**PROBLEM TO SOLVE:** No pictures in the copy, please: retype all the records exactly.

──────── DATASET EXCERPTS ────────

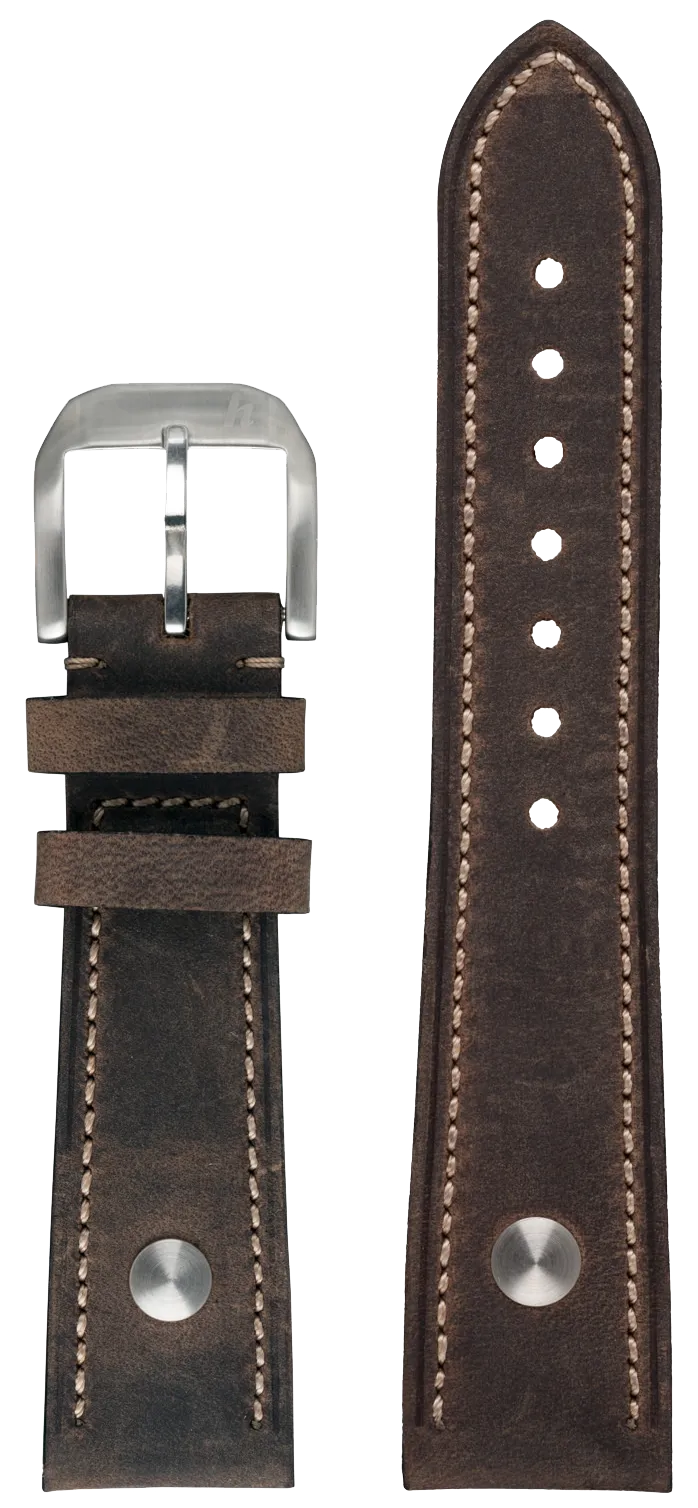 Hanhart Brown Leather Strap 20mm 9920.0110-02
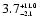 $3.7^{\scriptscriptstyle +11.0}_{\scriptscriptstyle -2.1}$
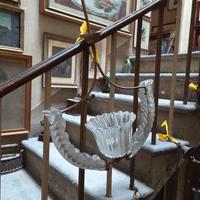 lampadario Art Déco in vetro di Murano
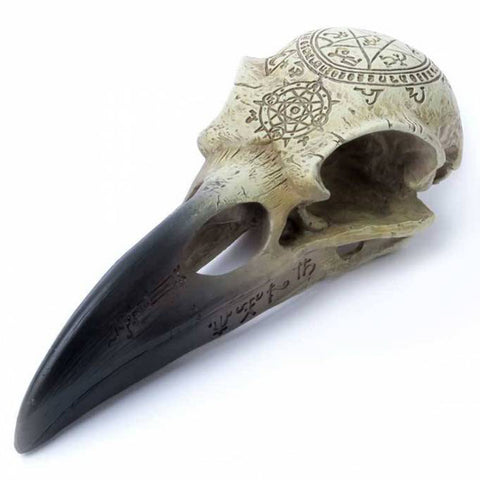 Omega Runic Raven Skull Ornament | Happy Piranha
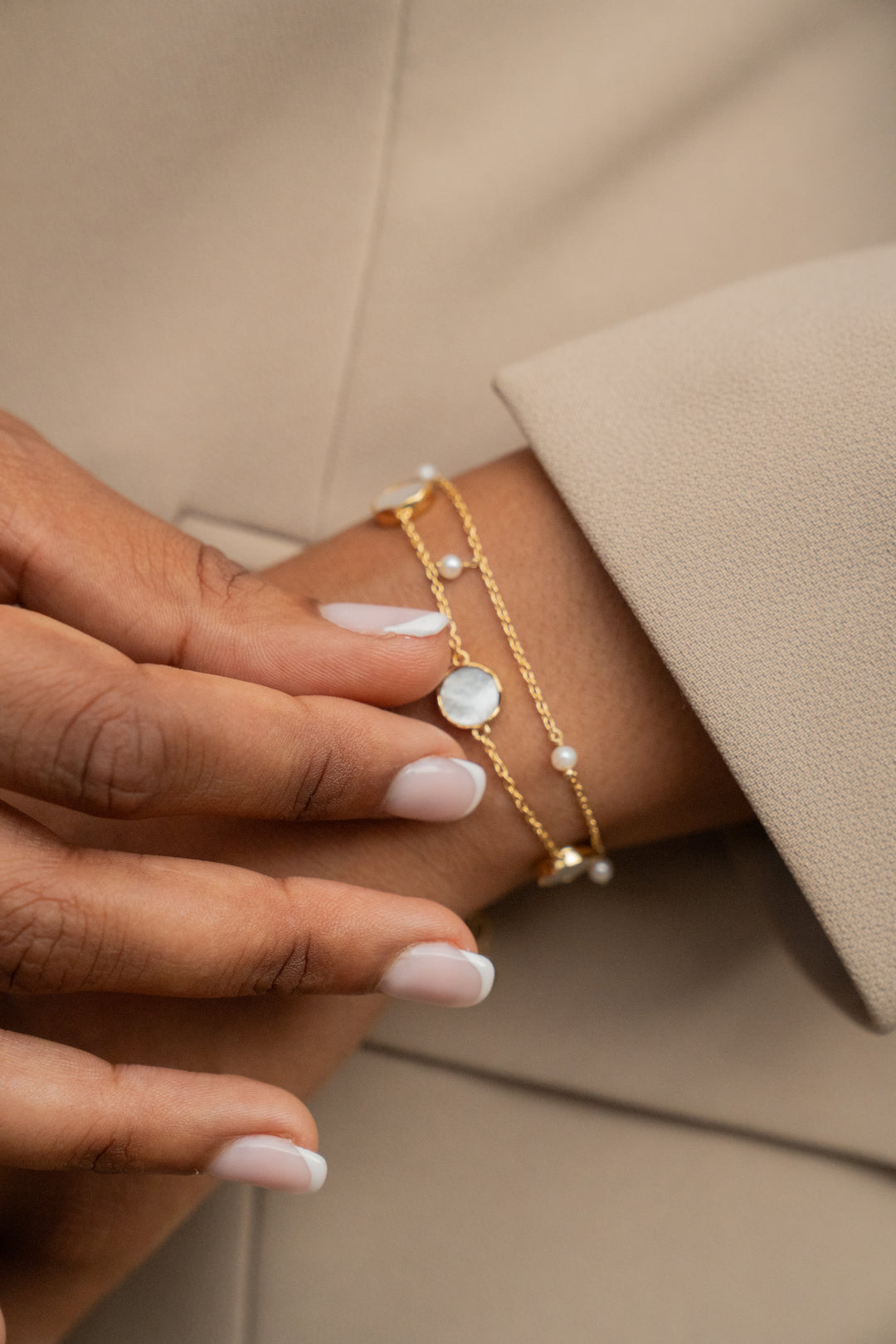 Eternal Maya Mother of Pearl Bracelet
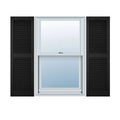 Black Vinyl Open Louver Shutters Z66635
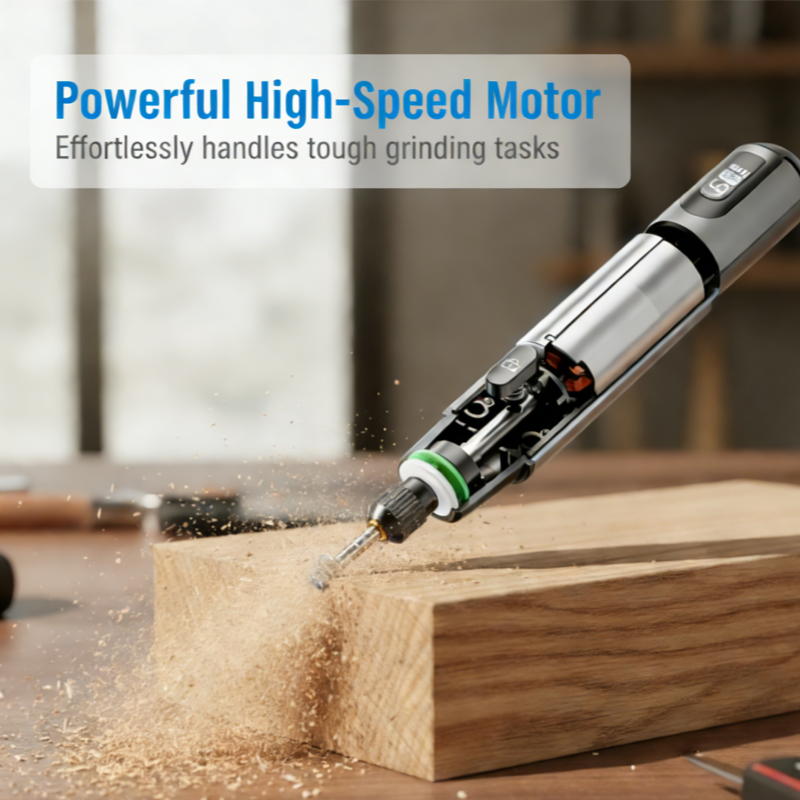 🪛 Tragbare Elektrische Polier- & Schleifset – 6 Geschwindigkeiten, 16.000 U/min & sicheres Arbeiten!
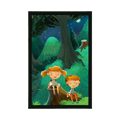 AFFICHE FORÊT DE CONTE DE FÉES - AFFICHES POUR LA CHAMBRE DES ENFANTS - AFFICHES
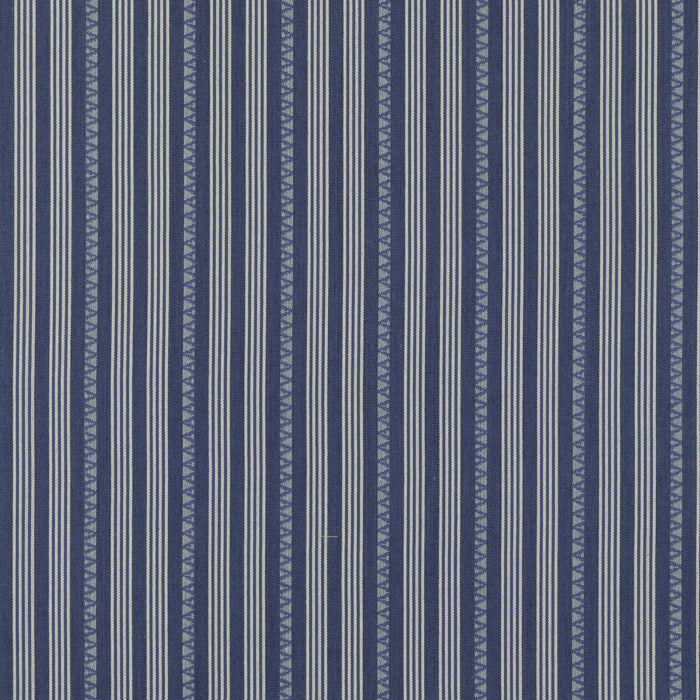 GP & J Baker Kilim Stripe Blue Fabric Sample BF10911.1.0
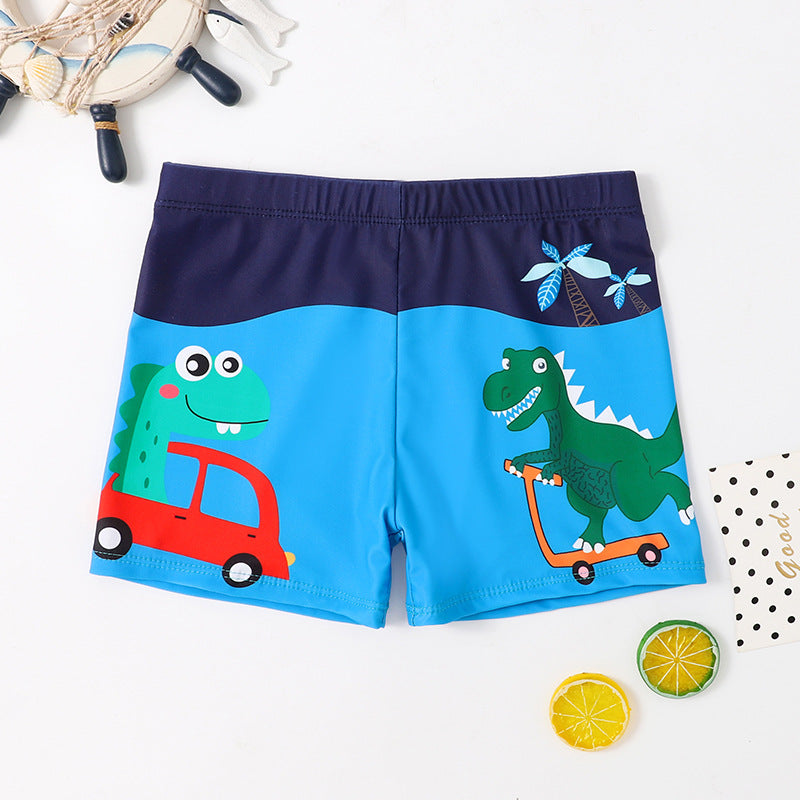 Drengernes bad shorts med maritimt motiv Skovae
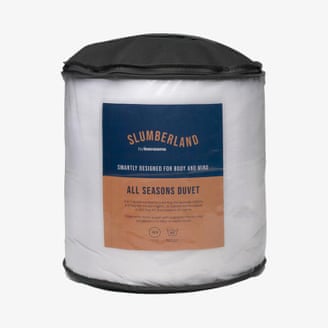 Slumberland All Seasons duvet.
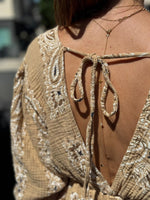 Charger l'image dans la galerie, Robe longue gaze de coton camel - NERYS

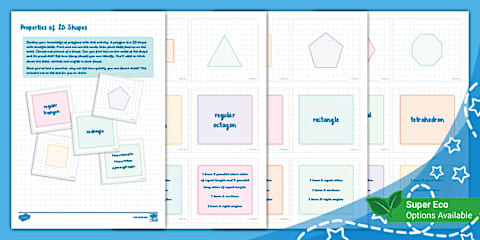 Properties of 2D Shapes Activity (Ages 7 - 8)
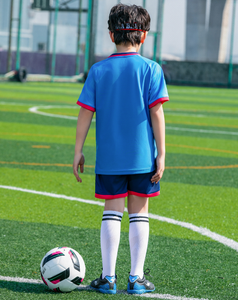 Setelan baju sepak bola Retro uniseks, setelan baju sepak bola lengan pendek untuk anak-anak dewasa, baju latihan pertandingan sepak bola - Product Image 5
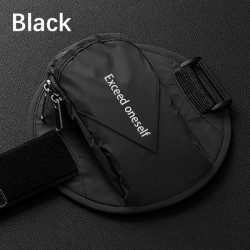 Running Sport Armband Bag Phone Case Jogging Arm Phone Holder Sports Mobile Bag for iPhone Xiaomi Samsung Under 6.7" Black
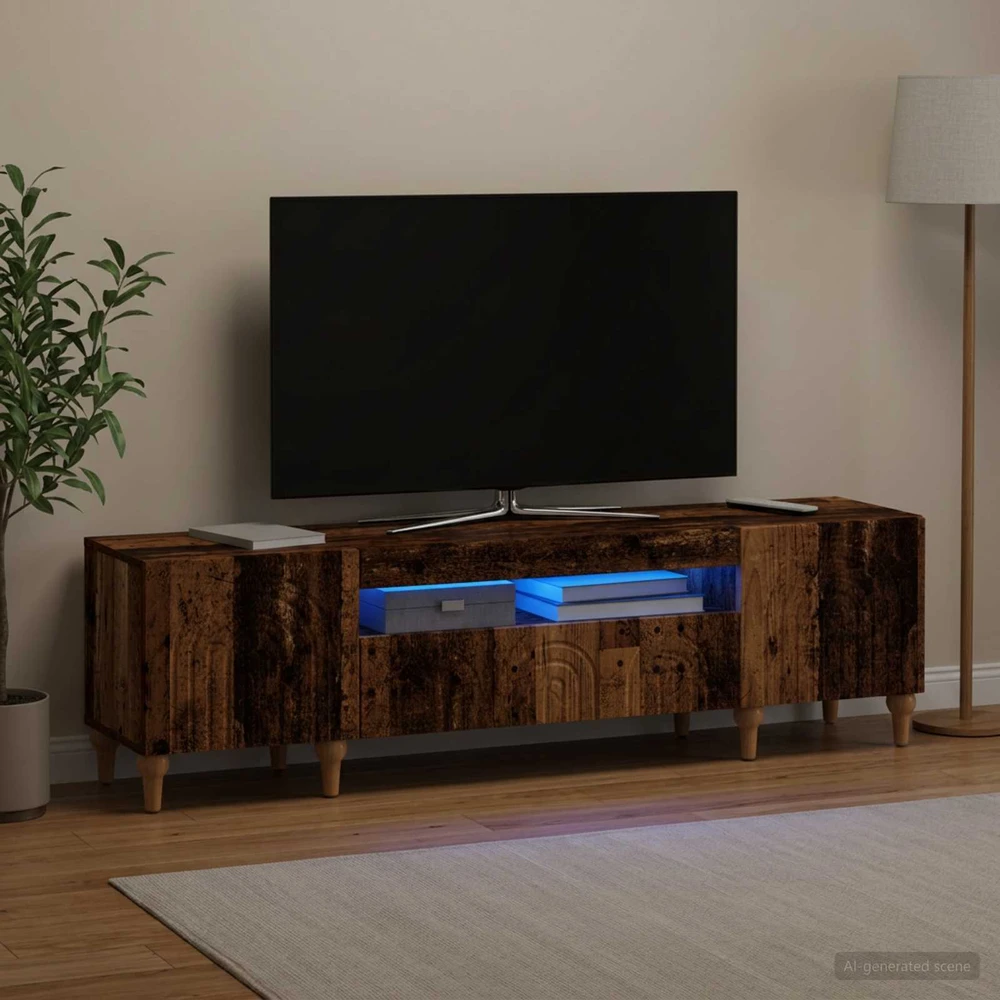 TV staliukas LED televizoriaus spintelė Sendintos medienos Apdirbta mediena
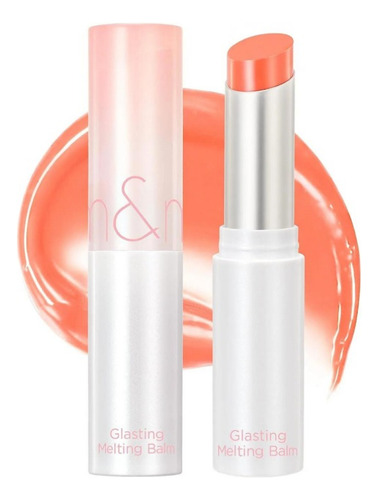 Labial Coreano Rom&nd Glasting Melting Balm Romand Original 08 Coralia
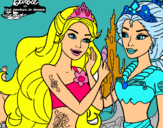 Dibujo Barbie se despiede de la reina sirena pintado por CristinaQuesada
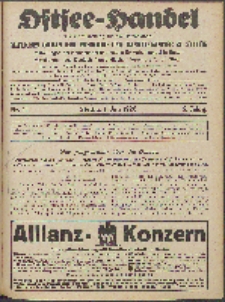 Ostsee-Handel : Wirtschaftszeitschrift für der Wirtschaftsgebiet des Gaues Pommern und der Ostsee und Südostländer. Jg. 6, 1926 Nr. 13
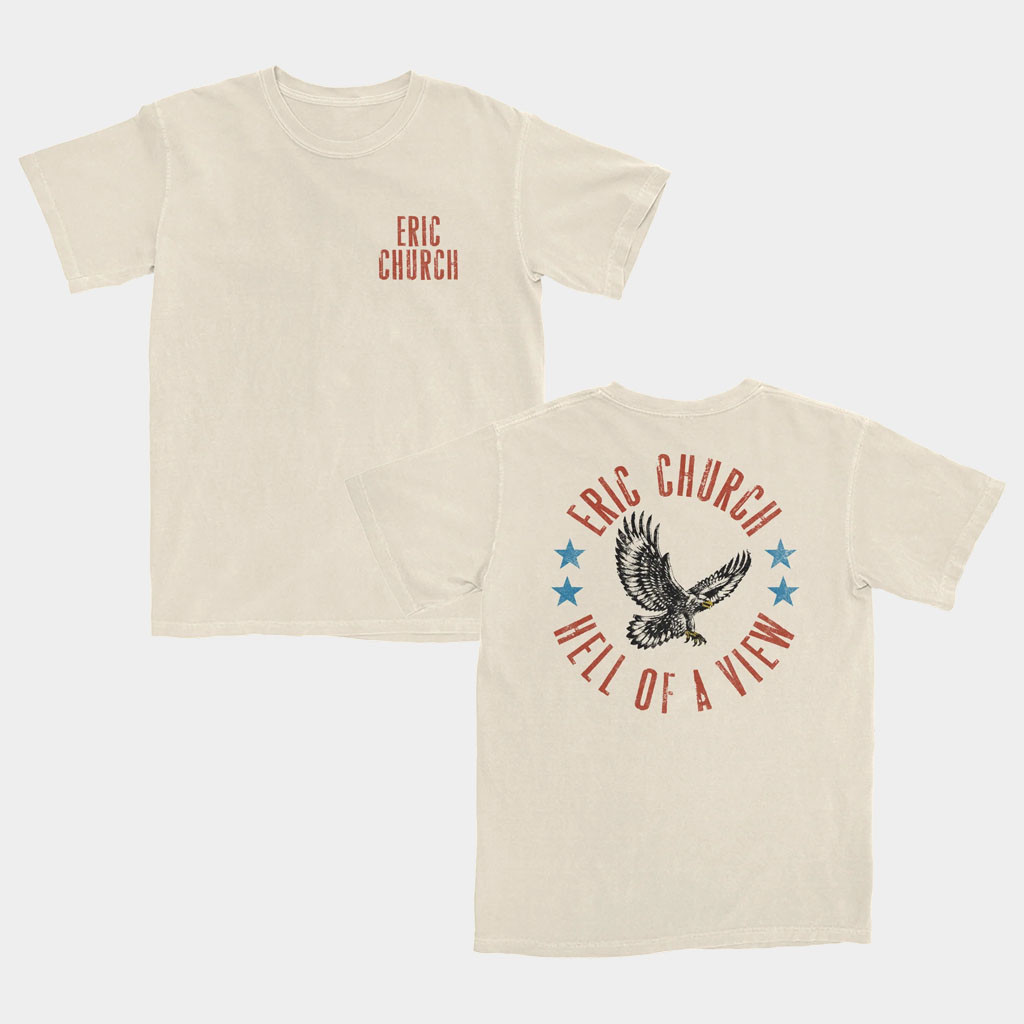 Eric Church Merch 2026 Eagle Hell Of A View T-Shirt Presents For Music Lovers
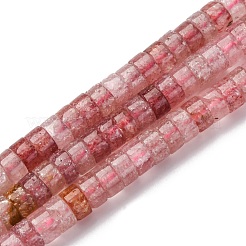 Natürlichen Erdbeere Quarzperlen Stränge&nbsp;G-Z006-C50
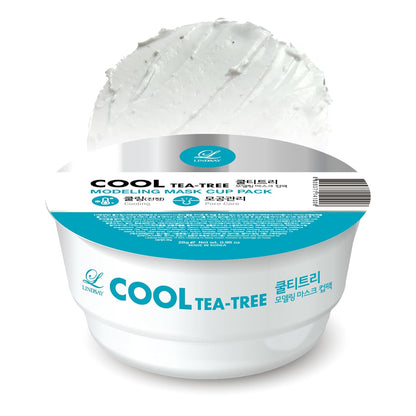 Lindsay Modeling Mask Cup Pack - Cool Tea-tree, Charcoal, Collagen, Vitamin 28g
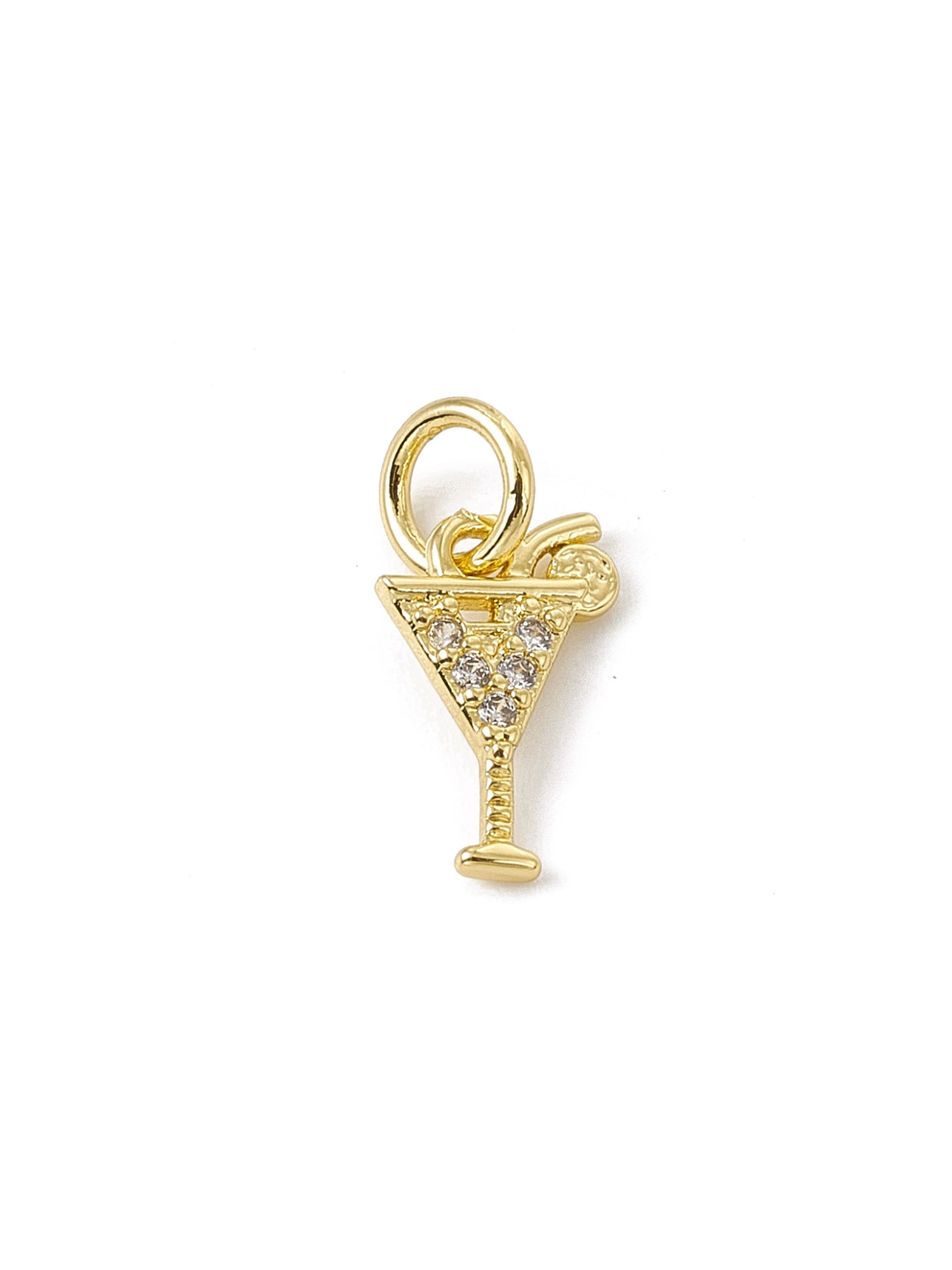 Gold Cocktail Hour Charm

────────

**RESPONSE:**
 Hanhart Brown Leather Strap 20mm 9920.0110-02
 $3.7^{\scriptscriptstyle +11.0}_{\scriptscriptstyle -2.1}$
 lampadario Art Déco in vetro di Murano
 Omega Runic Raven Skull Ornament | Happy Piranha
 Eternal Maya Mother of Pearl Bracelet
 Black Vinyl Open Louver Shutters Z66635
 🪛 Tragbare Elektrische Polier- & Schleifset – 6 Geschwindigkeiten, 16.000 U/min & sicheres Arbeiten!
 AFFICHE FORÊT DE CONTE DE FÉES - AFFICHES POUR LA CHAMBRE DES ENFANTS - AFFICHES
 GP & J Baker Kilim Stripe Blue Fabric Sample BF10911.1.0
 Drengernes bad shorts med maritimt motiv Skovae
 Slumberland All Seasons duvet.
 Charger l'image dans la galerie, Robe longue gaze de coton camel - NERYS

 Properties of 2D Shapes Activity (Ages 7 - 8)
 Setelan baju sepak bola Retro uniseks, setelan baju sepak bola lengan pendek untuk anak-anak dewasa, baju latihan pertandingan sepak bola - Product Image 5
 Running Sport Armband Bag Phone Case Jogging Arm Phone Holder Sports Mobile Bag for iPhone Xiaomi Samsung Under 6.7" Black
 TV staliukas LED televizoriaus spintelė Sendintos medienos Apdirbta mediena
 Labial Coreano Rom&nd Glasting Melting Balm Romand Original 08 Coralia
 Dibujo Barbie se despiede de la reina sirena pintado por CristinaQuesada
 Ostsee-Handel : Wirtschaftszeitschrift für der Wirtschaftsgebiet des Gaues Pommern und der Ostsee und Südostländer. Jg. 6, 1926 Nr. 13
 Eric Church Merch 2026 Eagle Hell Of A View T-Shirt Presents For Music Lovers
 Natürlichen Erdbeere Quarzperlen Stränge&nbsp;G-Z006-C50
 Lindsay Modeling Mask Cup Pack - Cool Tea-tree, Charcoal, Collagen, Vitamin 28g
 Gold Cocktail Hour Charm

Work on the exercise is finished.